このことから、糖質食品をたくさん食べる方や、糖代謝(エネルギー代謝)が活発になるアスリートでは不足しないように注意が必要です。

※お菓子の食べ過ぎや、甘いジュースの多飲でもビタミンB1の必要量が増えるので、間食の内容にも注意しましょう。

ビタミンB1の欠乏症(脚気、ウェルニッケ-コルサコフ症候群)

☑ 脚気(かっけ)

【原因】白米中心の食事

ビタミンB1の欠乏症です。糖代謝や神経系の機能に働くビタミンB1が不足することで全身の倦怠感や食欲不振が起こります。重症化すると心不全(むくみ)や末梢神経障害(しびれ)を引き起こし、最悪の場合は死に至ります。

脚気は、ビタミンB1を摂取することで治療や予防が可能になります。

 

☑ ウェルニッケ-コルサコフ症候群

【原因】アルコール多飲、偏食

ビタミンB1の不足によって起こるウェルニッケ脳症と、その後遺症であるコルサコフ症候群のことをいいます。

症状として意識障害、眼球運動障害、失調性歩行(ふらつき)、意識障害などが知られており、原因はアルコール依存症が大半を占めています。栄養不良や消化管手術後でも起こる可能性があります。

スポーツ栄養学から考えるビタミンB1の必要性

スポーツ選手は、トレーニングにより消費したエネルギーを食事で補う必要があるため、糖質(主食)の摂取量が多くなります。糖質に偏った食事では糖代謝を助けるビタミンB1の必要量が増えますので、不足しないように注意しましょう。

ポイント:糖質に富んだ食事をする場合はビタミンB1の必要量が増加すると覚えておきましょう。
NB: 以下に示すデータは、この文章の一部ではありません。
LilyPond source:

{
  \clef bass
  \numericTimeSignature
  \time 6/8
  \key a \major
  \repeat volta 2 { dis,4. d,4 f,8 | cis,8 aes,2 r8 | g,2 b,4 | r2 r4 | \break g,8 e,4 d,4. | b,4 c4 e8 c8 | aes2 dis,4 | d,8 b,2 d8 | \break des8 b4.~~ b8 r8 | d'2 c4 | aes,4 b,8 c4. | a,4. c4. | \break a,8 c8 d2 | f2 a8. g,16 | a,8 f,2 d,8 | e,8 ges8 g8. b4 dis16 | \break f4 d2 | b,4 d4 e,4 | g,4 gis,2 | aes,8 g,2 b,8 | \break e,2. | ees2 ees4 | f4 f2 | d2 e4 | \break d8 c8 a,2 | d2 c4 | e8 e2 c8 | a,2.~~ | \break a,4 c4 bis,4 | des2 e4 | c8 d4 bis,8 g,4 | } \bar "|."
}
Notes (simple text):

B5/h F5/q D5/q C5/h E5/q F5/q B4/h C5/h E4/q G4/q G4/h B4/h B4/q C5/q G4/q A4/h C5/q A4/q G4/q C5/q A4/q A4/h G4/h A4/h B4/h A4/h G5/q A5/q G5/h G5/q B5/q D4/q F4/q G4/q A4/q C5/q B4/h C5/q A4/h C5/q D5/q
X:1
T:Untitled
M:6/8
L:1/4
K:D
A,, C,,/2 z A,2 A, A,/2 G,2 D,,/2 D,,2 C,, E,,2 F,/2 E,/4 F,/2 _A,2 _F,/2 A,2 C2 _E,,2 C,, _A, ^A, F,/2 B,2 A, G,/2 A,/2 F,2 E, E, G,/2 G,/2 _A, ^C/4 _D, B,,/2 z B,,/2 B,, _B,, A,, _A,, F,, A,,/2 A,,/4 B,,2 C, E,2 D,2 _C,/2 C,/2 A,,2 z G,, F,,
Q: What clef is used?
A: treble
また、トレーニングを行うと、体に蓄えた糖質が分解され、身体を動かすエネルギーとして利用されます。ここでもビタミンB1が使われるため、不足しないように注意しましょう。

不足した場合、ピルビン酸がアセチルCoAに代謝されにくくなり、乳酸の生成が高まり、乳酸アシドーシス(乳酸により体が酸性に傾く)のリスクとなります。

 

つまり、スポーツ選手では①糖質摂取量が多くなること、②糖質を積極的に分解してエネルギーを獲得することから、ビタミンB1が不足しないように注意する必要があります。

ビタミンB1が多い食べ物、食品

ビタミンB1は、米のぬか・米の胚芽に多く含まれていますが、精米する過程でなくなってしまうため白米が含むビタミンB1量は少なくなります。
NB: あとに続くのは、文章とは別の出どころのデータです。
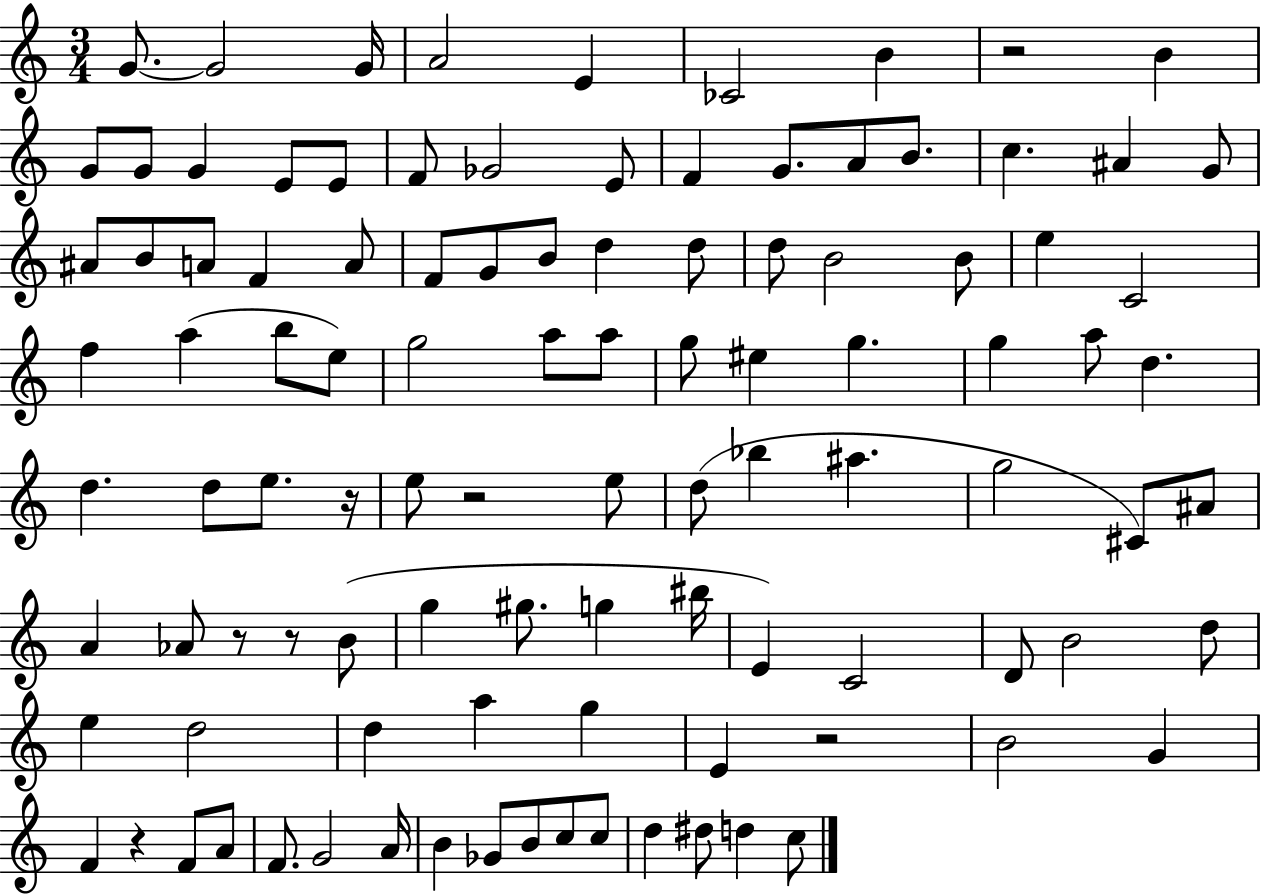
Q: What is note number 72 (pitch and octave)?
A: D4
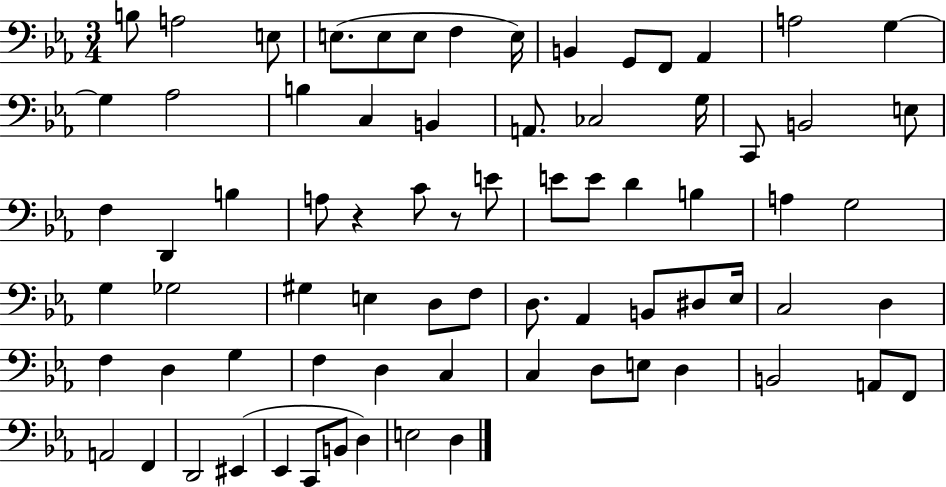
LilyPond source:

{
  \clef bass
  \numericTimeSignature
  \time 3/4
  \key ees \major
  b8 a2 e8 | e8.( e8 e8 f4 e16) | b,4 g,8 f,8 aes,4 | a2 g4~~ | \break g4 aes2 | b4 c4 b,4 | a,8. ces2 g16 | c,8 b,2 e8 | \break f4 d,4 b4 | a8 r4 c'8 r8 e'8 | e'8 e'8 d'4 b4 | a4 g2 | \break g4 ges2 | gis4 e4 d8 f8 | d8. aes,4 b,8 dis8 ees16 | c2 d4 | \break f4 d4 g4 | f4 d4 c4 | c4 d8 e8 d4 | b,2 a,8 f,8 | \break a,2 f,4 | d,2 eis,4( | ees,4 c,8 b,8 d4) | e2 d4 | \break \bar "|."
}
ポイント:精白しない玄米はビタミンB1を多く含んでいます。

緑黄色野菜、のり、ナッツ、ごま、大豆製品に多く含まれ、動物性食品では豚肉やウナギに多く含まれています。

基本的に、偏食がなく、多品目をバランスよく摂取しておけば、ビタミンB1が欠乏することはほとんどありません。

まとめ

ビタミンは、ごく微量で身体の生理機能を調節するため、通常のバランス食であればビタミンの不足はさほど気にすることはありません。

ただし、食事摂取量や運動量が多くなるアスリートではビタミンB1の不足を避けるために、積極的に食事を工夫しましょう。